Humans are metaorganisms covered by a multitude of microbes known as the "microbiome". These microorganisms influence various aspects of human health, with bacteria in the digestive tract (gut microbiome) in particular influencing various cells of the immune system. If one or more factors of this delicate interplay become imbalanced, this can lead to various diseases - however, the exact mechanisms and possible therapies are only incompletely understood.

The aim of Thomas Vogl's research is to gain a holistic overview of the interactions of the microbiome with the human immune system. To this end, he combines experimental biology (high-throughput immunoassays carried out by pipetting robots) with artificial intelligence (machine learning, data science). One main focus is on antibodies, of which humans produce large quantities. But which structures of the microbiome are bound by these antibodies and what contribution this has to various diseases (such as Crohn's disease) is largely unknown.
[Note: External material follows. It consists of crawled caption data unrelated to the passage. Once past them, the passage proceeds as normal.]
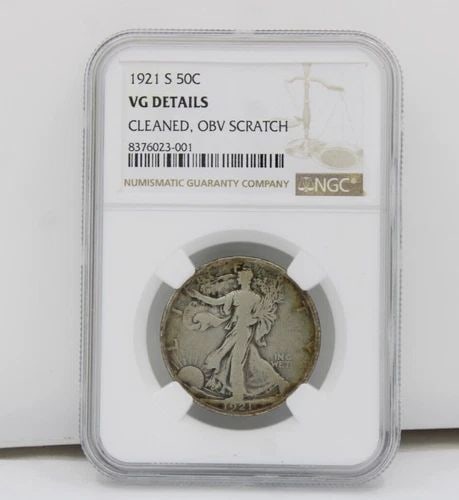1921 S 50C NGC VG DETAILS CLEANED, OBV SCRATCH WALKING LIBERTY HALF DOLLAR COIN: 1921 S 50C NGC VG DETAILS CLEANED, OBV SCRATCH WALKING LIBERTY HALF DOLLAR COIN 1921 S 50C NGC VG DETAILS CLEANED, OBV SCRATCH WALKING LIBERTY HALF DOLLAR COIN Description 1921 S 50C NGC VG Details Cl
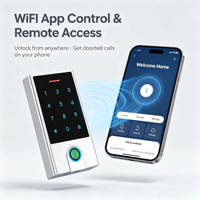 Contrôleur d'accès tactile Wi-Fi HF5, étanche IP66, en métal, avec lecteur d'empreintes digitales, clavier RFID, application intelligente Tuya, alerte de sonnette à distance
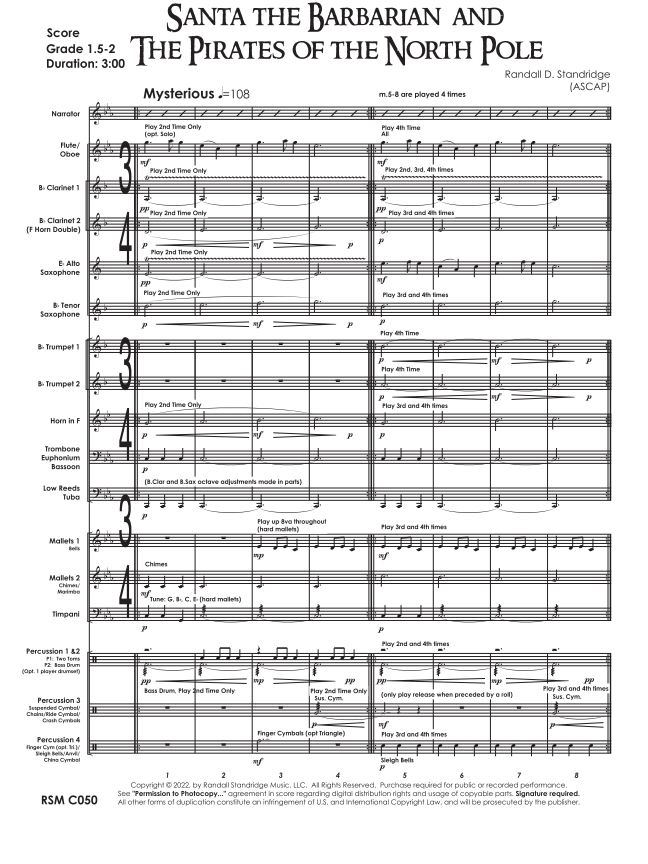 Randall Standridge Music Grade 2 - Santa The Barbarian And The Pirates Of The North Pole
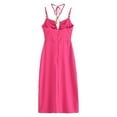thumbnail image 4 of Womens Summer Dresses Casual Ladies Sleeveless Solid Neck Hollow Chest Tube Top Style Suspender V-neck Dress A-Line Casual Loose T-Shirt Beach Sundress, 4 of 7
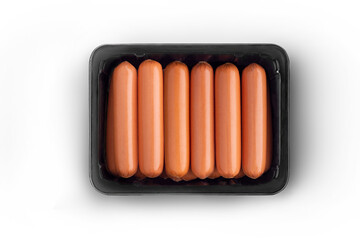 Opened black plastic tray of fresh raw sausages isolated on white top-view. Packaging template...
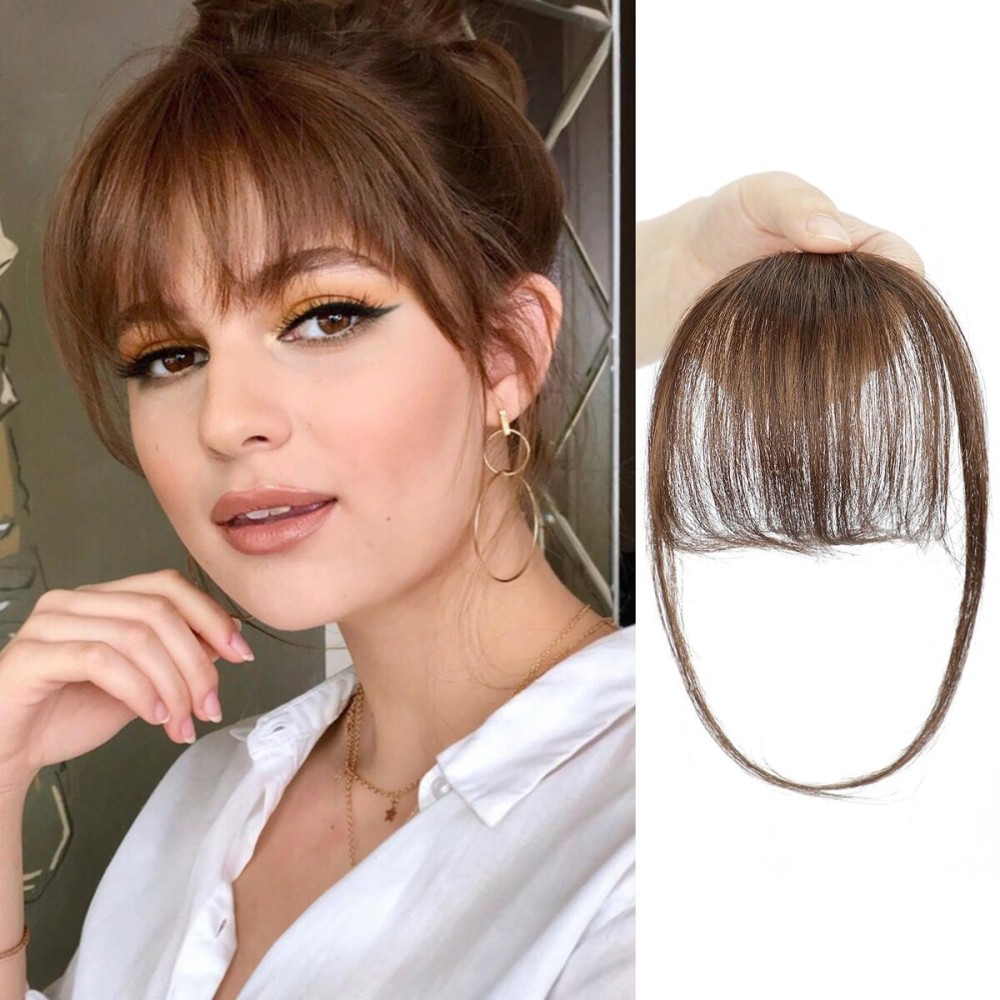 BOGSEA Bnags Hair Clip- Medium Brown Fake Bangs 100% Real Human Hair Extensions Wispy Bangs for Women Fringe with Temples Hairpieces Curved Bangs for Daily WearMedium Brown Wispy Bangs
During a research stay at the Weizmann Institute near Tel Aviv, Thomas Vogl used a new method called PhIP-Seq (Phage Display Immunoprecipitation Sequencing) to study human antibodies in unprecedented depth.

With his research group at the Center for Cancer Research at the Medical University of Vienna, he is now applying this powerful technology to decipher the role of the microbiome and the immune system in various diseases (cancer, autoimmune diseases). This approach is broadly applicable, as it enables the detection of a multitude of immune reactions from a single drop of blood. This innovative method has already identified a wealth of new biomarkers that pave the way for the development of new therapeutic approaches.

About the person
Thomas Vogl completed his studies in Molecular Microbiology at the Karl-Franzens-University Graz in 2011; from 2011 onwards he worked on his dissertation at the Graz University of Technology and received his doctorate in February 2015. After research stays at the University of Queensland (Australia, 2015/2016) and at the Weizmann Institute (2017-2021), Thomas Vogl returned to Austria. Since 2022, he has been a group leader and assistant professor at the Center for Cancer Research at the Medical University of Vienna. Prizes and awards (selection): Endeavour Research Fellowship from the Australian Government (2015), Schrödinger Fellowship from the FWF (2018), ERC Starting Grant from the European Research Council (2023), coordinator of the EU consortium "ID-DarkMatter-NCD" (2024)

The Elisabeth Lutz Prize Award
The Elisabeth Lutz Prize is awarded to scientists (up to a maximum of eight years after their doctorate) for basic and application-oriented research in the field of biosciences and life sciences, in particular for new findings or innovative research approaches that could subsequently be helpful for the development of new therapeutic approaches.